Why was agriculture developed by separated groups of humans at (roughly) the same time and not before?

by No_Rex

What makes the last 11.000 years so different from all the millenia before? Why did the humans in America, in the Middle east, in Egypt, in China all develop agriculture within a relatively short frame of time, when no human had developed agriculture in the previous 100.000 or 200.000 years?

Related questions would be why writing, astronomics, math, or cities were all independently developed several times during that time frame and not in the much longer time humans had existed before. However, I guess that all of these could stem from having developed agriculture, therefore that one is of most interest to me.

skyanvil

(1) Ice Age, and (2) Evolution of Human Food gathering skills.

Before and during the last Ice Age, human beings were forced to compete with very large animals for very scarce food.

Hunting was the primary method of food gathering. Additionally, scarcity of food means that human populations were spread out over massive areas, migrated, mobile, to increase the chances of obtaining food and survival. (staying in 1 location usually means food would be hunted to extinction in the area, and then starvation).

When the Ice Age ended, local food growth increased. Plant life became plenty, so did animal life.

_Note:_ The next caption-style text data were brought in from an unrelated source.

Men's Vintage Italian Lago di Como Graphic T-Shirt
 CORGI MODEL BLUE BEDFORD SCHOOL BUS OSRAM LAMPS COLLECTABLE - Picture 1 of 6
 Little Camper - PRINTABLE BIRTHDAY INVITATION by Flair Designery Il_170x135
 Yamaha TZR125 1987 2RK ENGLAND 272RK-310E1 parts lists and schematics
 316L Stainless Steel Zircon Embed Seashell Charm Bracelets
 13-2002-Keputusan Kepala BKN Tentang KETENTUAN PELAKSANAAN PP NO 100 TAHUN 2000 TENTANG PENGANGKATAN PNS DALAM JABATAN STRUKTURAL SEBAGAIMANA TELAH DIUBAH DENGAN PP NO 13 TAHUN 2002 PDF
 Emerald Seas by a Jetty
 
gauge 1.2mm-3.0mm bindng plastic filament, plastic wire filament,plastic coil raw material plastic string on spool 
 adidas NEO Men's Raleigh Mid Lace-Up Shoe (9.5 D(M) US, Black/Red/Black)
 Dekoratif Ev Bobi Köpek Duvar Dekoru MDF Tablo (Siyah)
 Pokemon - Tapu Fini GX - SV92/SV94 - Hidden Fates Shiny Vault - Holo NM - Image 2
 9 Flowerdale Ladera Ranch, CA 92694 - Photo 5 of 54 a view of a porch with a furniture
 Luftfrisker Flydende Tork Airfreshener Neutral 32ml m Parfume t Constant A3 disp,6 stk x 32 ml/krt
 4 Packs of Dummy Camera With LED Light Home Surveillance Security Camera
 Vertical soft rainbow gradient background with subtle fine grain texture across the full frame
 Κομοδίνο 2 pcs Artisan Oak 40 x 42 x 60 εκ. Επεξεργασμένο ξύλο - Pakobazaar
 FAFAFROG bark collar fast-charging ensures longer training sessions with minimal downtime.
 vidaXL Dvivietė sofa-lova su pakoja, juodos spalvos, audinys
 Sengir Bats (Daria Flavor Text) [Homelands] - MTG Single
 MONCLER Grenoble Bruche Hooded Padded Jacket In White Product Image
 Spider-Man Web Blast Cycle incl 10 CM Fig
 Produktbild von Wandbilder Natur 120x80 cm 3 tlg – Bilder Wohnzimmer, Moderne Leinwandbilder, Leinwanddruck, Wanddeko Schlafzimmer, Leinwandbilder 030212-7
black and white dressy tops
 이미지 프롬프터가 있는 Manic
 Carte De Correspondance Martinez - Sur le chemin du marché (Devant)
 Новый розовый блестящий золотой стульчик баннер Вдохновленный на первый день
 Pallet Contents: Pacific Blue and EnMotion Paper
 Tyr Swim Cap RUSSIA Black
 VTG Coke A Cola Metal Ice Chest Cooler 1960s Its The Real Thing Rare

Around the same time, human tribes around the world began to settle permanently in specific areas (around rivers), where food was plenty.

As population grew, hunting was no longer sufficient to meet the demand of large populations.

Seed gathering, used to be a way to supplement food sources, then turned into agriculture methods, where human tribes began to grow food from seeds, as the main source of food for large human settlements.